◆ Data for processing ◆
/---
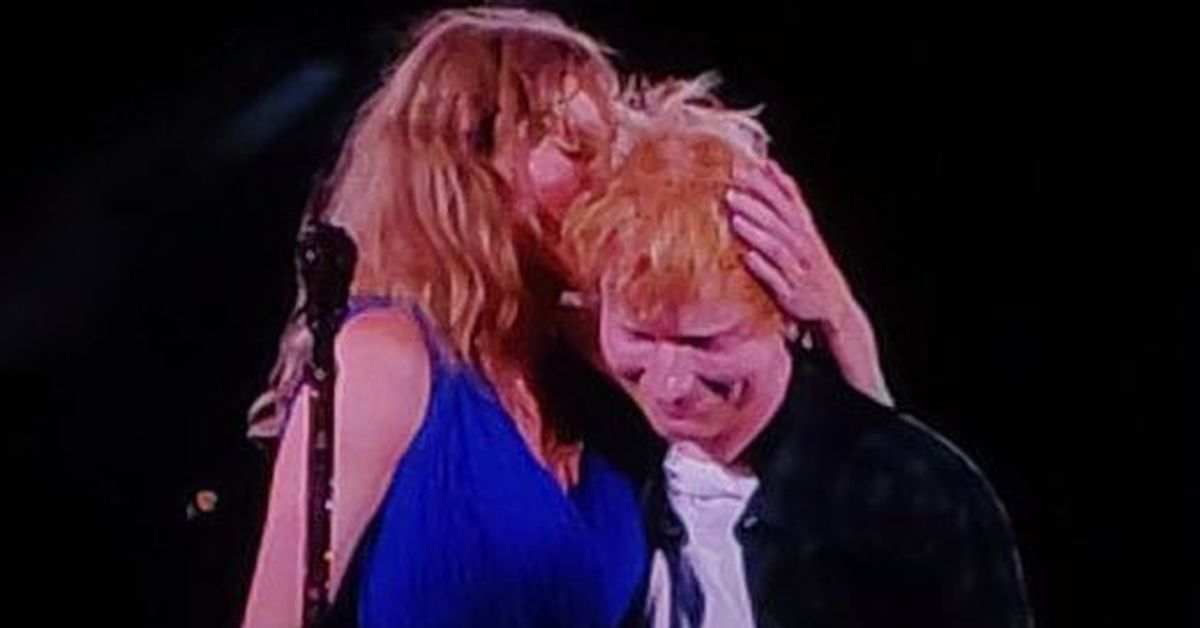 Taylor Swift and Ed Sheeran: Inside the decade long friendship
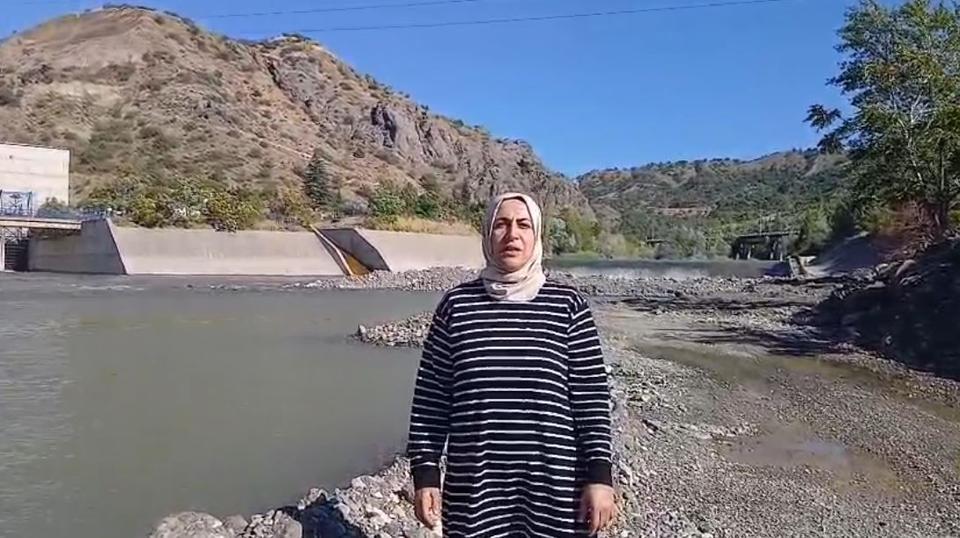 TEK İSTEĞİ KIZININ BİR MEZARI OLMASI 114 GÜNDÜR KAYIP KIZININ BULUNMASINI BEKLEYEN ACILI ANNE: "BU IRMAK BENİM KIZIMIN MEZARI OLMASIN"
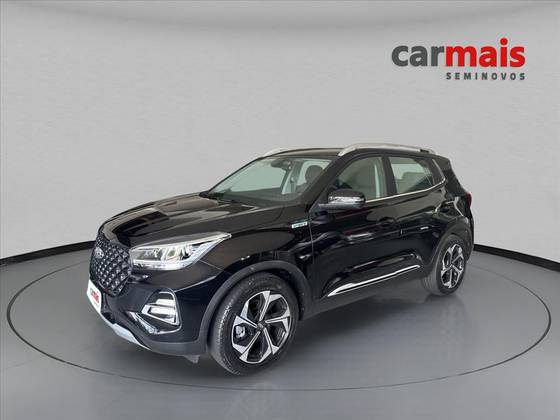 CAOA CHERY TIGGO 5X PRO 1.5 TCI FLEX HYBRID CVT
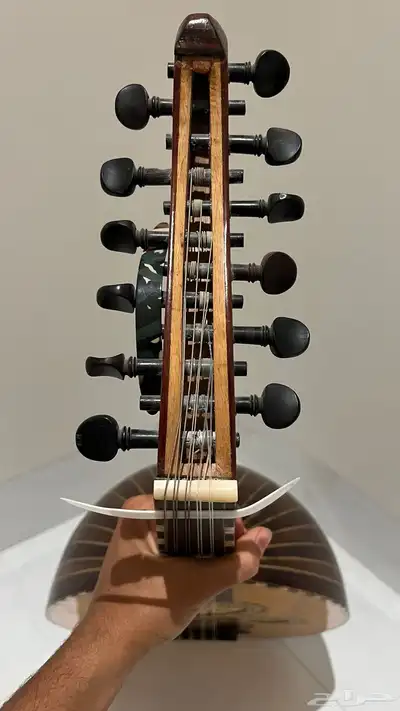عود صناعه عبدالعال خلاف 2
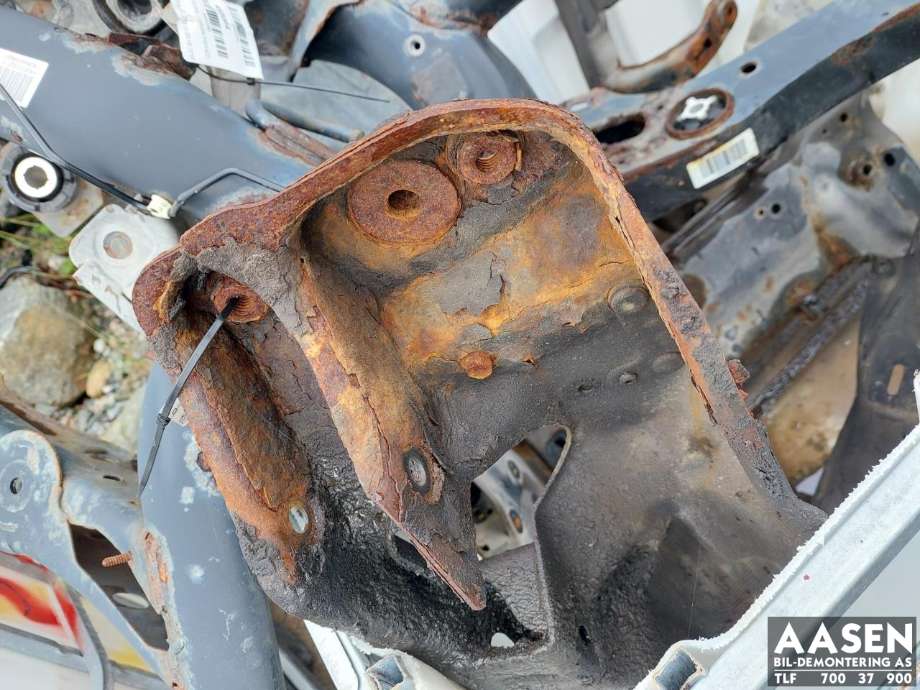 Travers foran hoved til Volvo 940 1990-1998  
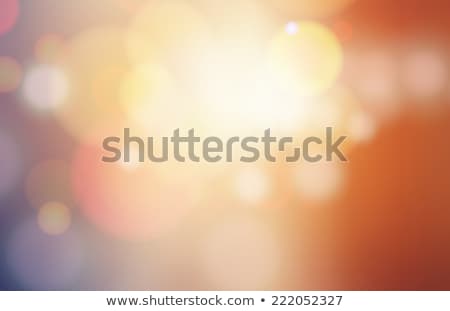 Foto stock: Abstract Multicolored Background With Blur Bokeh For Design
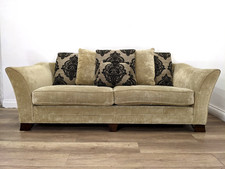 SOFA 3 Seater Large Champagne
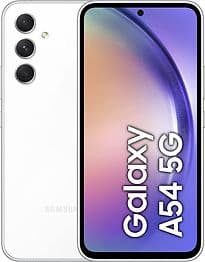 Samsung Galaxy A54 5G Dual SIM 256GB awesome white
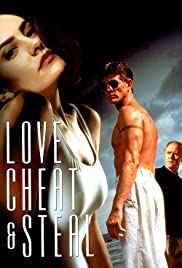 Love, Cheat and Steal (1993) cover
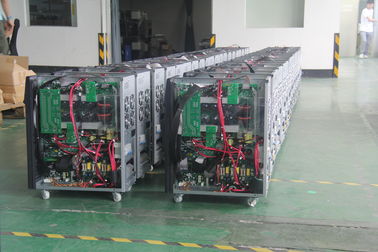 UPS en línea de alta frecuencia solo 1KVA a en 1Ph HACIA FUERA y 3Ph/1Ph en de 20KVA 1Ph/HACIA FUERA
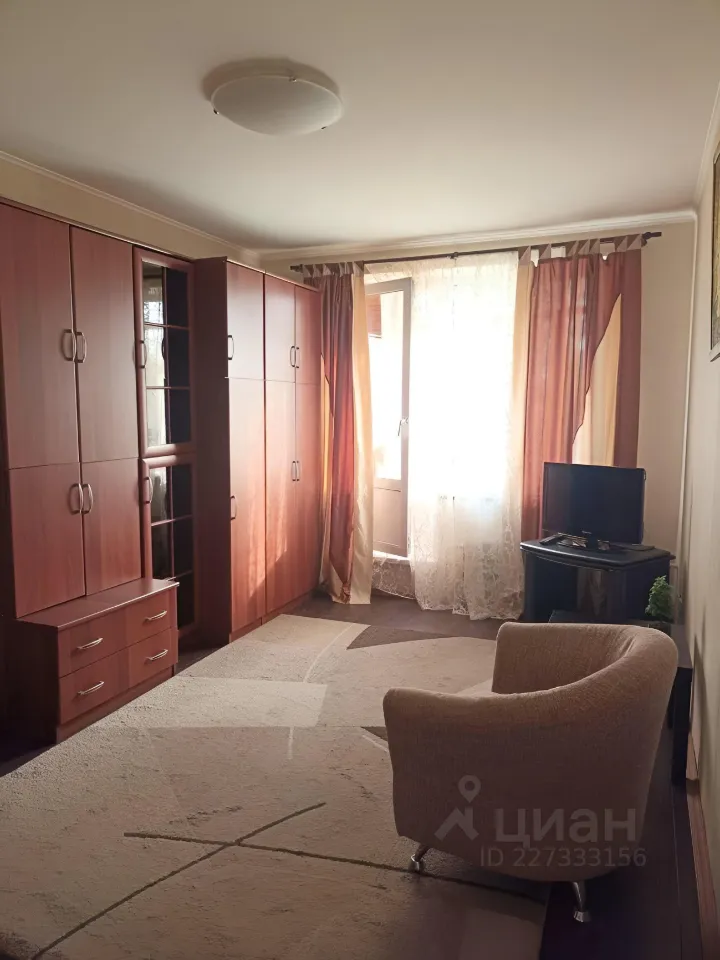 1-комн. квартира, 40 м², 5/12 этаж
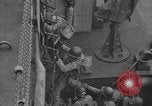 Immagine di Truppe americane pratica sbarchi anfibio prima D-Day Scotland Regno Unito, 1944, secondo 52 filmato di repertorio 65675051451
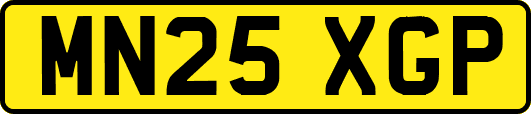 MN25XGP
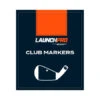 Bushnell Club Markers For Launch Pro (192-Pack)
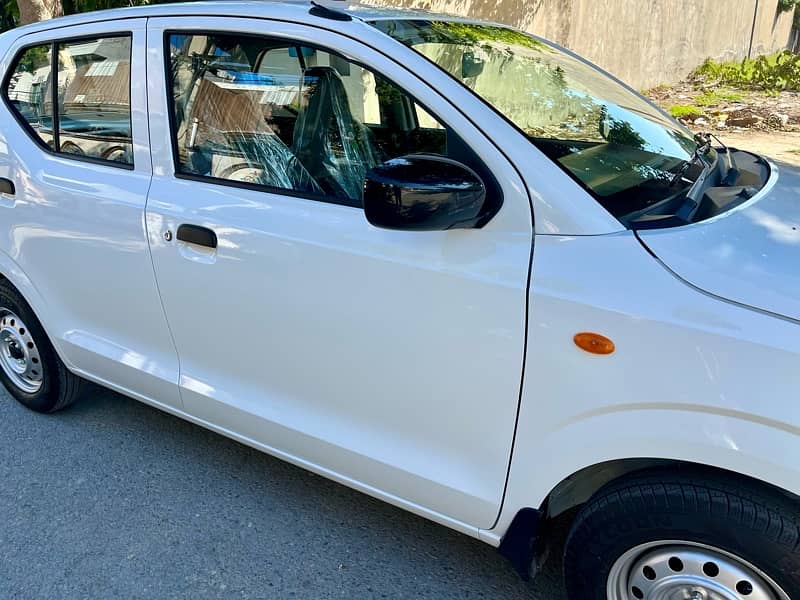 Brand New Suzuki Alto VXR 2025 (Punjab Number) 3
\---
/---
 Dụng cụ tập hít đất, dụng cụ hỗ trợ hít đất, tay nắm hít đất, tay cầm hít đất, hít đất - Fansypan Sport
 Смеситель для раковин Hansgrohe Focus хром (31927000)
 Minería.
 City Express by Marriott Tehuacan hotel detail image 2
\---
◆ Assignment ◆
Among the records above, locate the line containing "Taylor Swift and" and the line containing "Brand New Suzuki", then transcribe exactly the lines starting at the first and ending at the second, with no pictures.

◆ Response to the exercise ◆
 Taylor Swift and Ed Sheeran: Inside the decade long friendship
 TEK İSTEĞİ KIZININ BİR MEZARI OLMASI 114 GÜNDÜR KAYIP KIZININ BULUNMASINI BEKLEYEN ACILI ANNE: "BU IRMAK BENİM KIZIMIN MEZARI OLMASIN"
 CAOA CHERY TIGGO 5X PRO 1.5 TCI FLEX HYBRID CVT
عود صناعه عبدالعال خلاف 2
 Travers foran hoved til Volvo 940 1990-1998  
 Foto stock: Abstract Multicolored Background With Blur Bokeh For Design
 SOFA 3 Seater Large Champagne
 Samsung Galaxy A54 5G Dual SIM 256GB awesome white
 Love, Cheat and Steal (1993) cover
 UPS en línea de alta frecuencia solo 1KVA a en 1Ph HACIA FUERA y 3Ph/1Ph en de 20KVA 1Ph/HACIA FUERA
 1-комн. квартира, 40 м², 5/12 этаж
 Immagine di Truppe americane pratica sbarchi anfibio prima D-Day Scotland Regno Unito, 1944, secondo 52 filmato di repertorio 65675051451
 MN25XGP
 Bushnell Club Markers For Launch Pro (192-Pack)
 Brand New Suzuki Alto VXR 2025 (Punjab Number) 3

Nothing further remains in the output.